WORK INSTRUCTIONS:
Line count for the string "Girls": state how many lines in the records below hold it, giving only the number.

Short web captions
↓
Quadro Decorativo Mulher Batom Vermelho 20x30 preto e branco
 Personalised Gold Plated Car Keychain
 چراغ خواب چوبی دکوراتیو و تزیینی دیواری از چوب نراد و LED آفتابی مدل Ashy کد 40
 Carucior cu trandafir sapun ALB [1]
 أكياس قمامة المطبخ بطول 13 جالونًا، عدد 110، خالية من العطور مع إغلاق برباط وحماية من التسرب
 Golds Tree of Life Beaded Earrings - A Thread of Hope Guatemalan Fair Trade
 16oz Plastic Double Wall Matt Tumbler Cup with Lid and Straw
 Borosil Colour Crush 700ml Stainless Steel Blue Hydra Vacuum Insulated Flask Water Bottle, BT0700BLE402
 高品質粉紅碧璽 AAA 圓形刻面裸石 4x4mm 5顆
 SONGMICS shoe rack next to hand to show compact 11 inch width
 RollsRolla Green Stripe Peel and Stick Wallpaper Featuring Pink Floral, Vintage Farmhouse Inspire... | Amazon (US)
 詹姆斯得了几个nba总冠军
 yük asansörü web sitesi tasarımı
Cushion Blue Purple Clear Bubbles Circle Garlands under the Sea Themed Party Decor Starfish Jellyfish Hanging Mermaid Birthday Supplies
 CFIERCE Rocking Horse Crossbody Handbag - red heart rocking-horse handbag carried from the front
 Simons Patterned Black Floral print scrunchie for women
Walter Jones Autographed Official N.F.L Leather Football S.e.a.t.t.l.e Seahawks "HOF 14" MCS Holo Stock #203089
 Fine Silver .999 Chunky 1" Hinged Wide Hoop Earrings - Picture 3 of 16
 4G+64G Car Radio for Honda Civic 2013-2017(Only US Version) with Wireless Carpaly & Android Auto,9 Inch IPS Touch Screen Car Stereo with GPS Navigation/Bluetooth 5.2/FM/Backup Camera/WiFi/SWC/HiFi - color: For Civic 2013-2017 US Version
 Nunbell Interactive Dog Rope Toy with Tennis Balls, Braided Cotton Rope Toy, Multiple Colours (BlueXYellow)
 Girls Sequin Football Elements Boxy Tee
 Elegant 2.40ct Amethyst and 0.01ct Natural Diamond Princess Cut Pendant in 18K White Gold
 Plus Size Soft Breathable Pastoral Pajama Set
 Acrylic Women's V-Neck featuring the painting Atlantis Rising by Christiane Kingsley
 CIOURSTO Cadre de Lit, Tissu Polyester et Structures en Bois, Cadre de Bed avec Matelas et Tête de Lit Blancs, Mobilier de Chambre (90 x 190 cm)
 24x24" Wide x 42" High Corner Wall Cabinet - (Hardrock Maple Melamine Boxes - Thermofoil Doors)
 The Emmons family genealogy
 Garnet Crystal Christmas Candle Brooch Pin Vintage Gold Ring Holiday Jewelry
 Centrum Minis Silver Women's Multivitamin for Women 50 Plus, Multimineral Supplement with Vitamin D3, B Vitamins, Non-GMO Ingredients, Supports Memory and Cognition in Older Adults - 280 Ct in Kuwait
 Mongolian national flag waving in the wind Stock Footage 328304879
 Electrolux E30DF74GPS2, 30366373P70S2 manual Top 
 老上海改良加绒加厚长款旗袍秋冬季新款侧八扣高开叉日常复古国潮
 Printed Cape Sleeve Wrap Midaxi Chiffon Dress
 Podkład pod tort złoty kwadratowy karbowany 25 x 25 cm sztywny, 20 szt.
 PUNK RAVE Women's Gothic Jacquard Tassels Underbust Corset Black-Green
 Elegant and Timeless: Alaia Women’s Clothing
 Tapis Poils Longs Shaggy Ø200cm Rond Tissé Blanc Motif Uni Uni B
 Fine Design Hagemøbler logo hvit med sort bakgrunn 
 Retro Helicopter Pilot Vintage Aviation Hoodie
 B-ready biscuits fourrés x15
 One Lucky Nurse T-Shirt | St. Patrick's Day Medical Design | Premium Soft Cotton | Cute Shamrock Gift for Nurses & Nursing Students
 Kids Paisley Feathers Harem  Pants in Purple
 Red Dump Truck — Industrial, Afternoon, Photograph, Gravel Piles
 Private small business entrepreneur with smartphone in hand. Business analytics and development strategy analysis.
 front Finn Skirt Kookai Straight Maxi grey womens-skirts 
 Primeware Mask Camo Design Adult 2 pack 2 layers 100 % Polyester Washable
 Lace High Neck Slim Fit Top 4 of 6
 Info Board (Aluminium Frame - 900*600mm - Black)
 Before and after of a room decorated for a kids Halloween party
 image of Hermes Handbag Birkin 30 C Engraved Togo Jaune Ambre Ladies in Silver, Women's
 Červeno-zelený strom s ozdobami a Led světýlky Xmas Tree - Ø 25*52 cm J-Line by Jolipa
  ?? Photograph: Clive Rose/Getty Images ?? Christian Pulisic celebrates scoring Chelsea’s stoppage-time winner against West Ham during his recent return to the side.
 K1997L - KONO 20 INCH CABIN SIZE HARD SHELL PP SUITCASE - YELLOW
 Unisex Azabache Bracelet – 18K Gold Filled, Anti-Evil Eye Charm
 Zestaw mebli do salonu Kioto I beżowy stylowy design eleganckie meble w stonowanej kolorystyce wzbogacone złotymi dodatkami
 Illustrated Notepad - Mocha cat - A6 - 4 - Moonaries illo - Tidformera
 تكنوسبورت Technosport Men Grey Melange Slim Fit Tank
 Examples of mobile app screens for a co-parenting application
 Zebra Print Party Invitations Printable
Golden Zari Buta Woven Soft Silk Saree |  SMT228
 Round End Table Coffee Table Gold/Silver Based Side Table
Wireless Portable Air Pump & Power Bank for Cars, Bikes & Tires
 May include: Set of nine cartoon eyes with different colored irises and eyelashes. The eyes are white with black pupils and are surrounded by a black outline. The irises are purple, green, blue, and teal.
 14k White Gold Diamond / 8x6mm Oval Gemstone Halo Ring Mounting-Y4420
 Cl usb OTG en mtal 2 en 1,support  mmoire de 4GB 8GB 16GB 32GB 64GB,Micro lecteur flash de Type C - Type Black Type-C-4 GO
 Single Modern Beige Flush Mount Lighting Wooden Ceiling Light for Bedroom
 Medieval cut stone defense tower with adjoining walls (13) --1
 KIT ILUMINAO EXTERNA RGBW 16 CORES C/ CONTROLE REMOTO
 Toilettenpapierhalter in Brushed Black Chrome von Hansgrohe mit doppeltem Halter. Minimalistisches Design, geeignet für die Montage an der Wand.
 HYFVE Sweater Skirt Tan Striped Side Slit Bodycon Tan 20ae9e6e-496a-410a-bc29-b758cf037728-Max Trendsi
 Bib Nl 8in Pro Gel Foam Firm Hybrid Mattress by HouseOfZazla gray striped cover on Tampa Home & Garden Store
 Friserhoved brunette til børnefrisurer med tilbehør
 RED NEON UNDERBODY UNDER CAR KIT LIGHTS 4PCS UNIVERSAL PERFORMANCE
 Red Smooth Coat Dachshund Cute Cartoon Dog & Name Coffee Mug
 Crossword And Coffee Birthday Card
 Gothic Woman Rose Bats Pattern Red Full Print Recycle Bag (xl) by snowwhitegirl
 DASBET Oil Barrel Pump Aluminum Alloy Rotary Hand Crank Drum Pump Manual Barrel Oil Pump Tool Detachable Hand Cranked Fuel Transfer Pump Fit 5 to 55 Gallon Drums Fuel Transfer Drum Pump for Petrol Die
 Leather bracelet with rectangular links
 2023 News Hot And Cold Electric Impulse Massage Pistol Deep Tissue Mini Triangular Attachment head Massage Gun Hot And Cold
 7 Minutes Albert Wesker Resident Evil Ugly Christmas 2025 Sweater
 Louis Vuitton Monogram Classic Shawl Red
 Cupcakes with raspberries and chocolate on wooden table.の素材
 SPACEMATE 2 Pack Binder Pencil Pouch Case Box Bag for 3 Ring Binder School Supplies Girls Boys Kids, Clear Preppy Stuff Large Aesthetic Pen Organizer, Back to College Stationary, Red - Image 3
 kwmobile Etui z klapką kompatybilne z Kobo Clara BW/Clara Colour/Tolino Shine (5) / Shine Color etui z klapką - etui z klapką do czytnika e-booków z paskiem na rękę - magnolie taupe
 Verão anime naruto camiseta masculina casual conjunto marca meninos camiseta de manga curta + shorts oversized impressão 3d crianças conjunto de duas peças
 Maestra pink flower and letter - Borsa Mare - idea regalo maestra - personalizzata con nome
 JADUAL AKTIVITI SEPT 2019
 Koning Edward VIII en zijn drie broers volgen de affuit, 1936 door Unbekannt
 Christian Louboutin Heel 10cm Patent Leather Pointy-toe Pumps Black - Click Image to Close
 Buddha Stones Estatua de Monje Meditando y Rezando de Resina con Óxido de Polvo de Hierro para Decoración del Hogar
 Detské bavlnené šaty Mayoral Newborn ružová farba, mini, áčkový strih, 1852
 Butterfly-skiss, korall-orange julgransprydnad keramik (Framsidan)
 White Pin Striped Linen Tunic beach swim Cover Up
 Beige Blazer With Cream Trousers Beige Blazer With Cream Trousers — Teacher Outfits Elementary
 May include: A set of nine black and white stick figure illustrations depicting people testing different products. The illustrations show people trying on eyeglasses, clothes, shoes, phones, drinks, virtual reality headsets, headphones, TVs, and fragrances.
↑
RESPONSE FOR THIS EXERCISE:
2